This means that the top 100 contributors (https://news.ycombinator.com/leaders) plus PG (https://news.ycombinator.com/user?id=pg) account for only about 10% of the total karma (3222034 points as of the moment). I expected their part to be greater. I should say "sorry" to the average HN user for underestimating his impact. :-)
Right and there's about 9 million items, so average is 4 points per item. I don't feel the average is very meaningful in this case. I'd also want to know, range, median and mode and a frequency histogram for the 100 largest, 100 frequent, and 100 rarest item scores.
I converted that to USD and it came out to $0.00.

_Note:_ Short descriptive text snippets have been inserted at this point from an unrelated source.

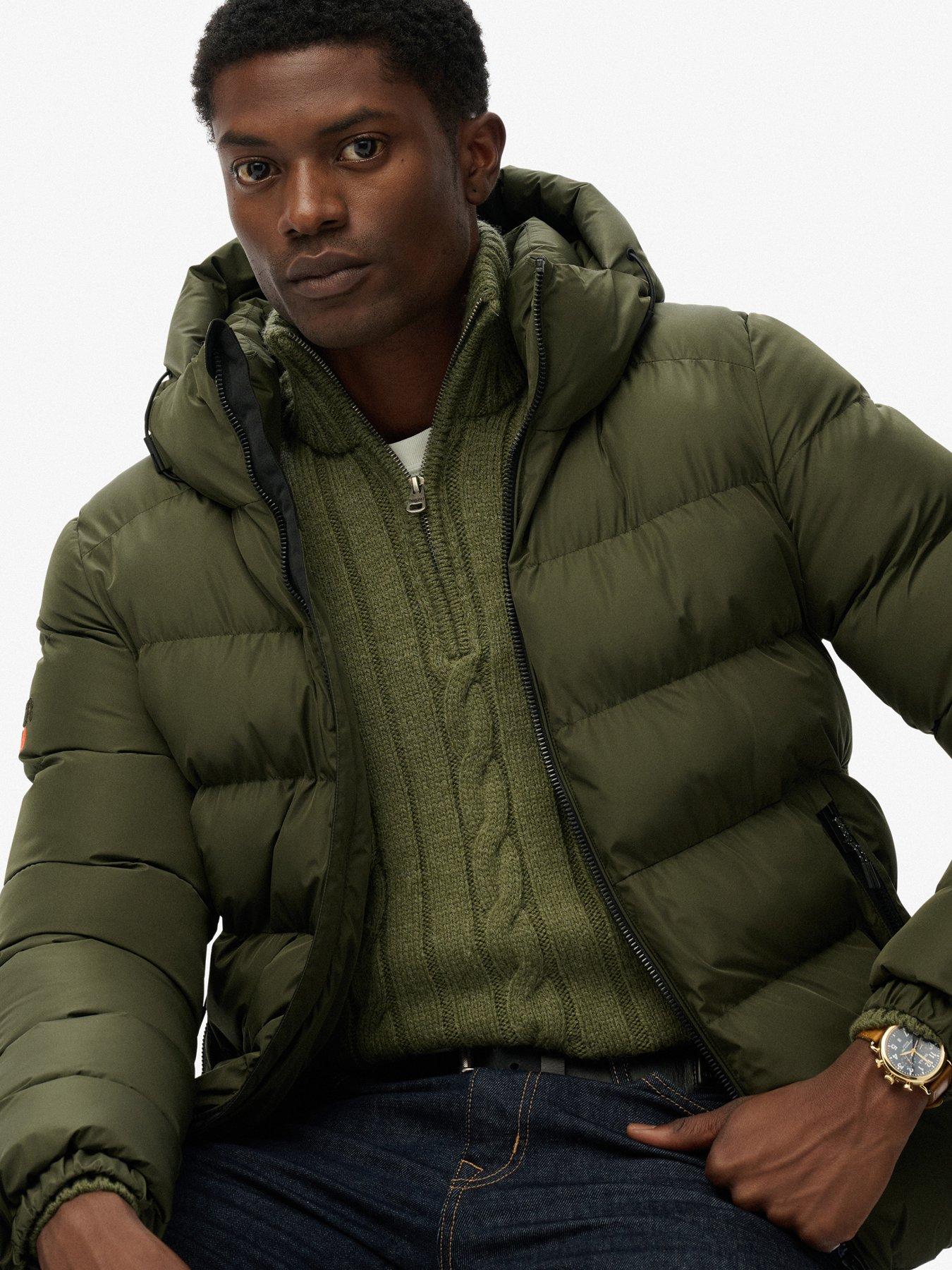  image of superdry-hooded-sports-padded-jacket-green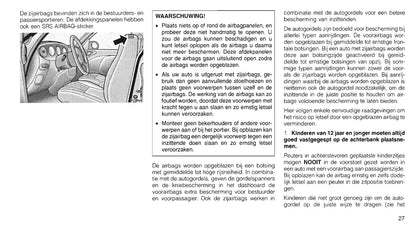 2000-2006 Chrysler PT Cruiser Bedienungsanleitung | Niederländisch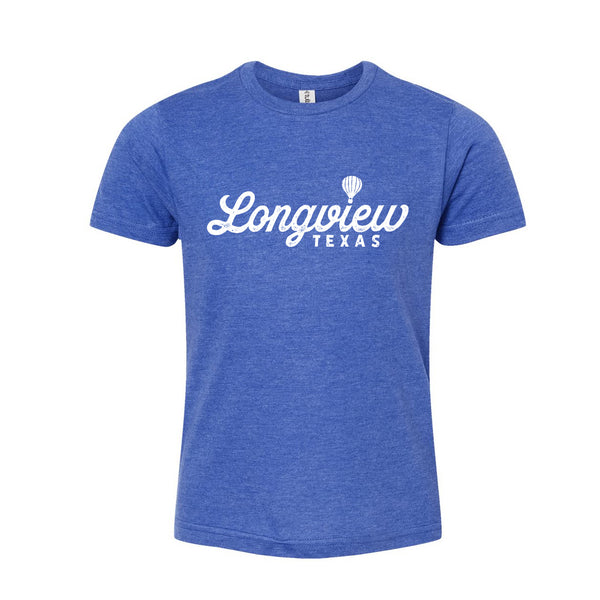 Longview Texas - Script Youth T-shirt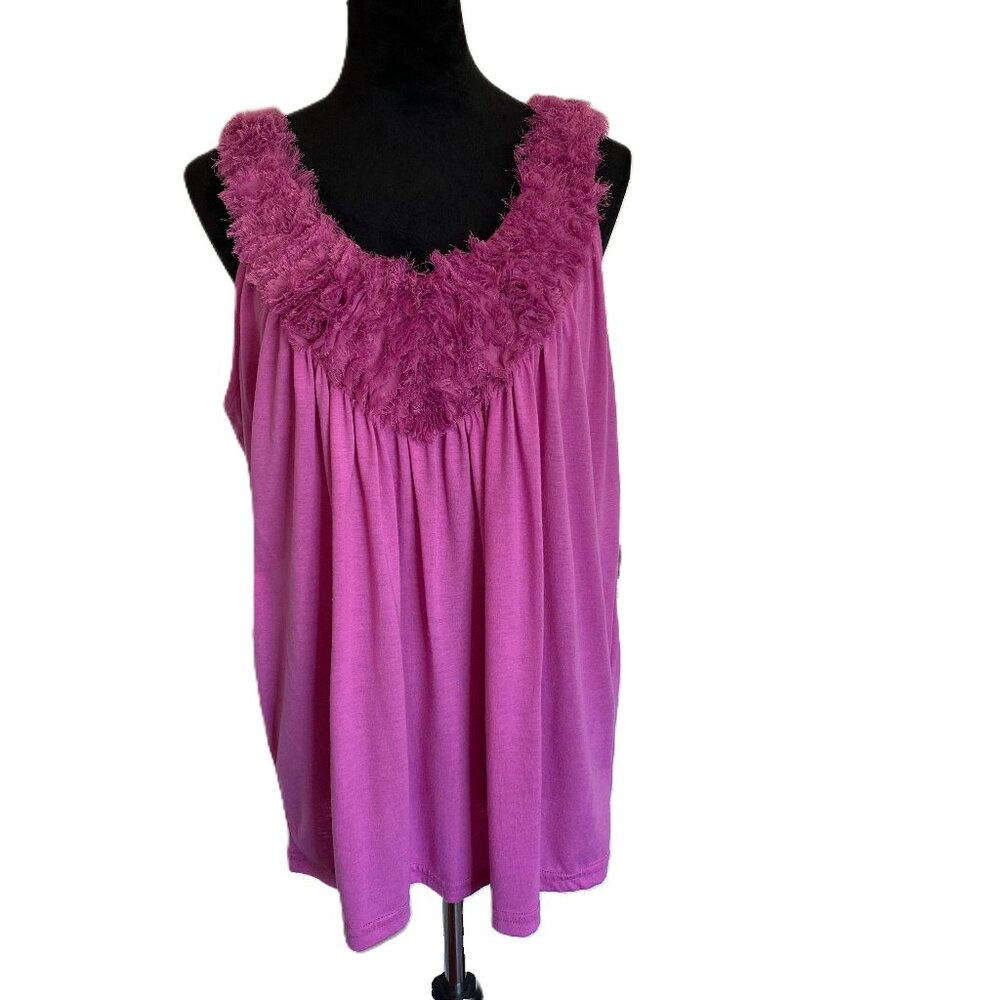 Lane Bryant SZ 18/20 Pink Fluff Tank Top
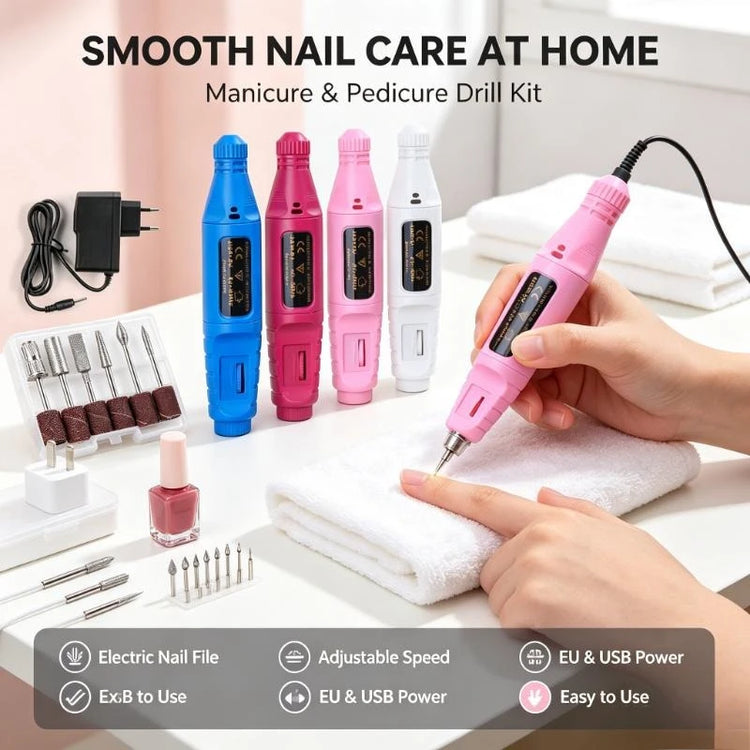 Pen‑Form Manicure Pedicure Grinding Machine Compact Electric Nail Polisher Drill For Daily Nail Grooming And Diy Hand‑Made Nail Creation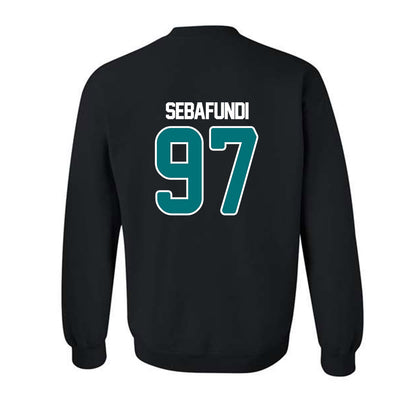 Coastal Carolina - NCAA Football : Emile Sebafundi - Sports Shersey Crewneck Sweatshirt-1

There may be an error in my math.

Karma isn't worth anything directly but on HN it is a fair proxy for comment quality -- and quality HN comments have a monetary impact.

For one thing, quality comments take time and effort to write. Suppose a comment takes 5 minutes per to write per karma point earned. Then 32553783 karma points are worth 32553783*5/60/24/30 ≈ 3767.8 man-months or approximately 314 man-years not spent doing something else.

This isn't to say that HN comments just lose the authors (or their employers) money due to opportunity cost. I would not be surprised if for a number of HN users their commenting led to new clients and business partners, not to mention exposure for their open source projects or simply memorable discussions the impact of which is harder to estimate in monetary terms. (For example, the recurrent discussions about Stoicism have made converts.)

Then some comments may not make the author money -- at least not as directly as getting a new client -- but may be worth a lot in terms of the money they make others; patio11's long comment history comes to mind.

How did you discount karma's future value?
Does it obey "power law" distribution? :)
Yep.
Does that include down votes ?
It does. Downvotes lower the same karma score that upvotes add to.